[mpich-discuss] Fatal error in MPI_Barrier
Antonio José Gallardo Díaz
ajcampa at hotmail.com
Tue Feb 3 04:12:10 CST 2009
When i put the command "mpd &" in the master node, i receive this:
[1] 8198
mpi at wireless:~$ wireless_57956 (mpd_sockpair 226): connect -5 No address associated with hostname
wireless_57956 (mpd_sockpair 233): connect error with -5 No address associated with hostname
..... and continues thinking ....
From: ajcampa at hotmail.com
To: mpich-discuss at mcs.anl.gov
Date: Tue, 3 Feb 2009 10:49:29 +0100
Subject: Re: [mpich-discuss] Fatal error in MPI_Barrier
In first place thanks for your help.
I have in the archive:
/etc/mpd.conf:
/*************************************************************************************/
#! /bin/sh
#
# This file contains configuration information for mpicc. This is
# essentially just the variable-initialization part of mpicc.

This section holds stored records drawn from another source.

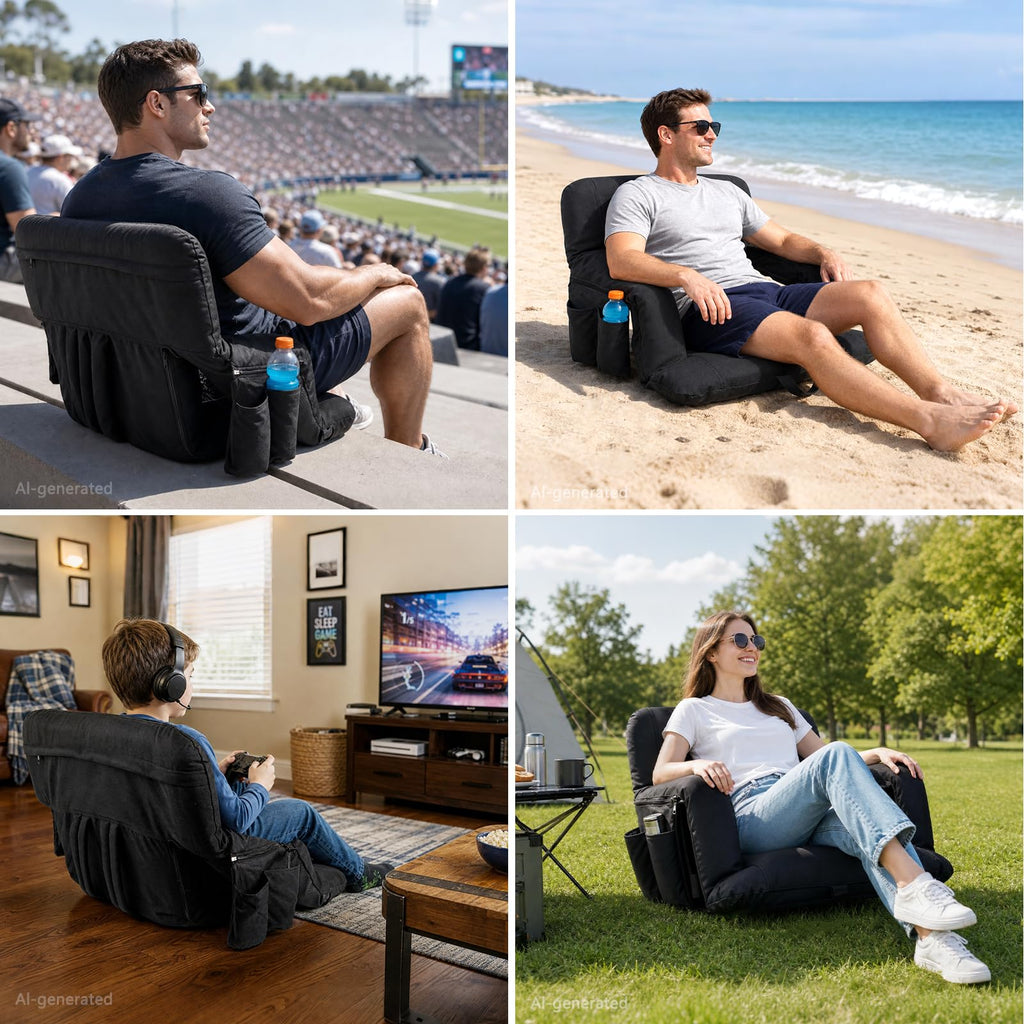 26" Extra Wide Stadium Seats with Back Support Z489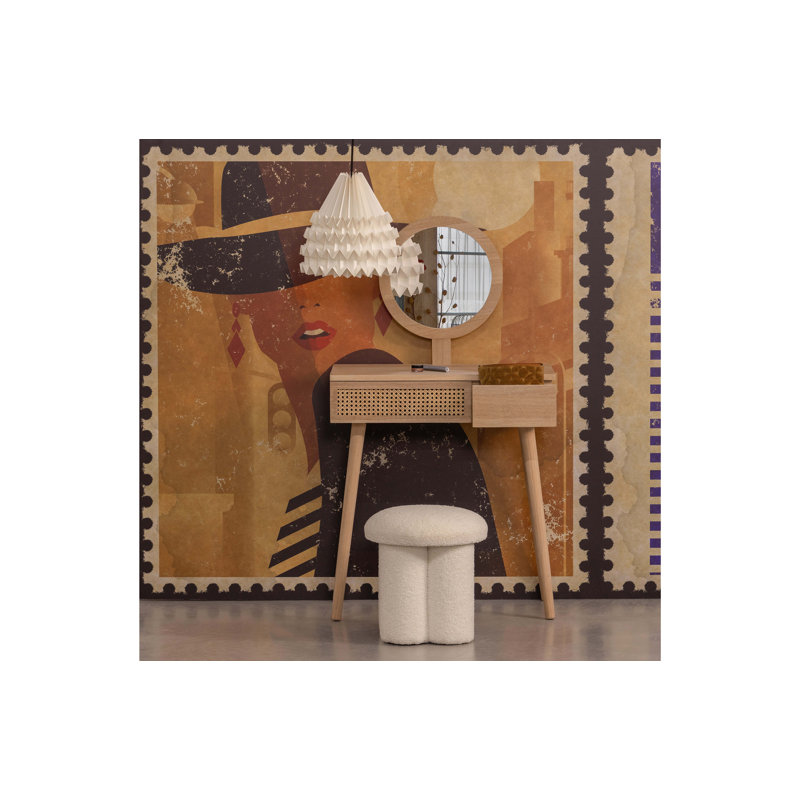 Lora Dressing Table with Mirror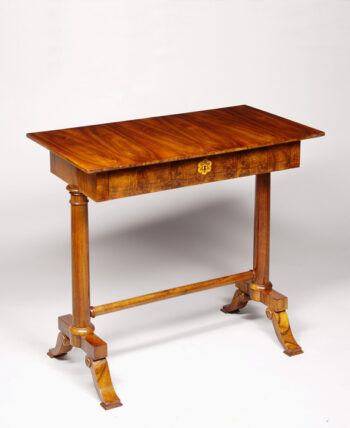 A Biedermeier occasional table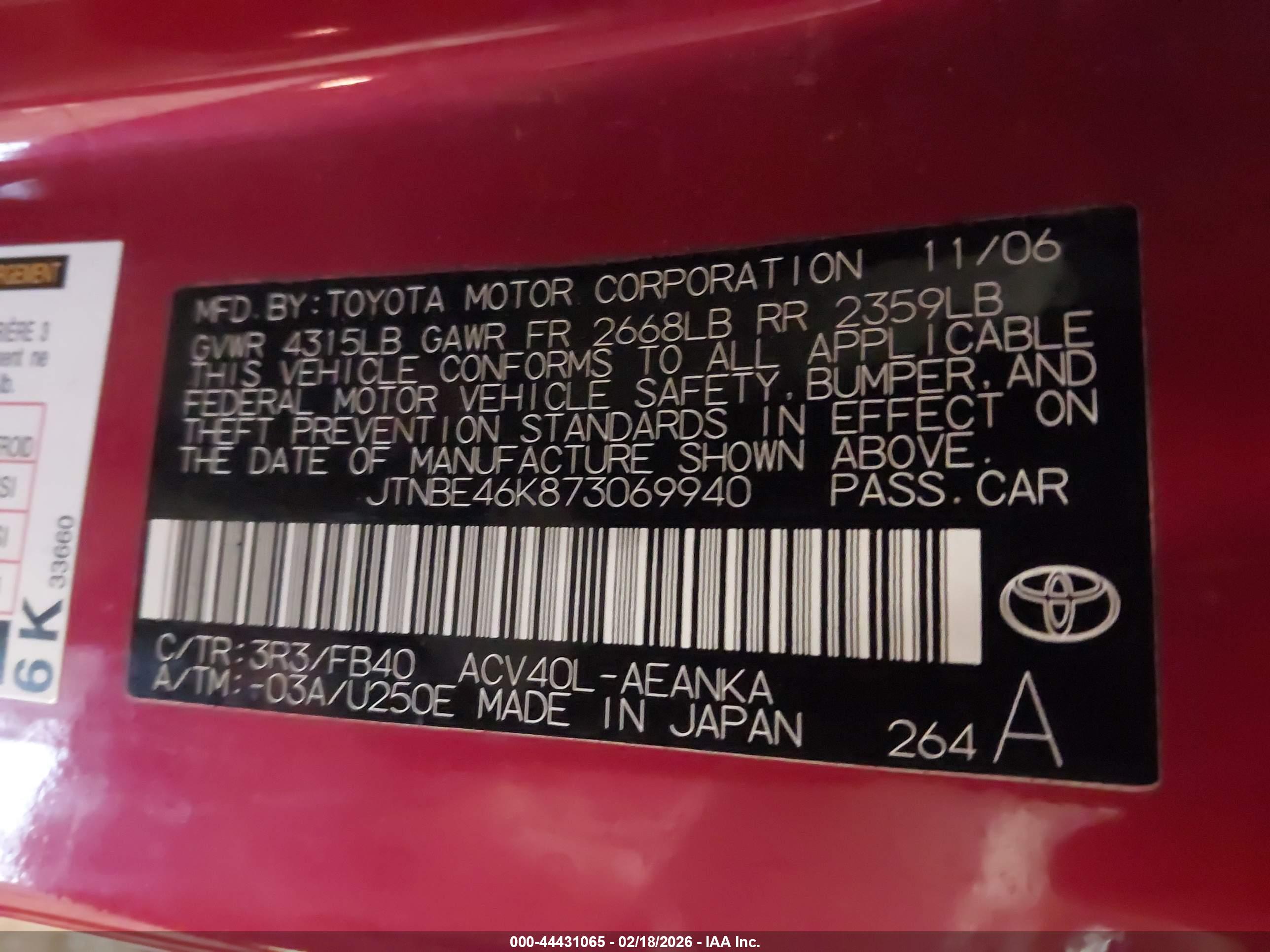 TOYOTA CAMRY image 9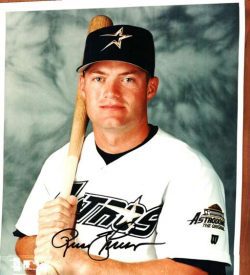 AUTOGRAPHED  photo RUSS JOHNSON Houston Astros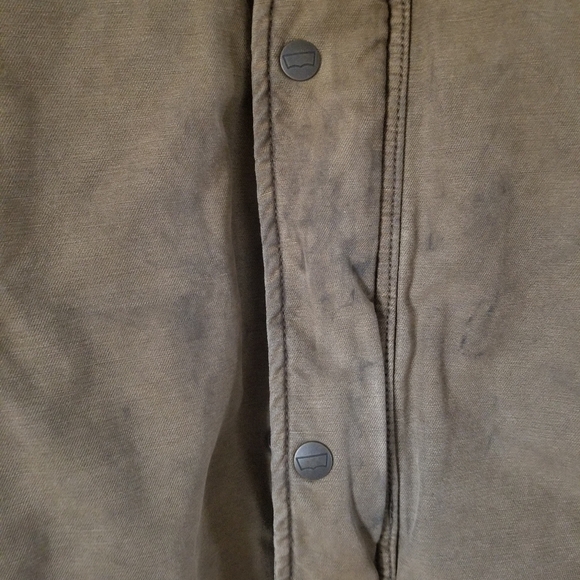 Men's Vintage Levis Tan Canvas Jacket - Picture 2 of 9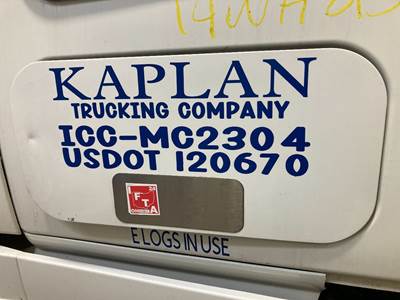 Freightliner Cascadia Sleeper Door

# --------------------------------------------------------------------------
# Set the default values of all variables.
#
# Directory locations: Fixed for any MPI implementation.
# Set from the directory arguments to configure (e.g., --prefix=/usr/local)
prefix=/usr/local
exec_prefix=${prefix}
sysconfdir=${prefix}/etc
includedir=${prefix}/include
libdir=${exec_prefix}/lib
#
# Default settings for compiler, flags, and libraries.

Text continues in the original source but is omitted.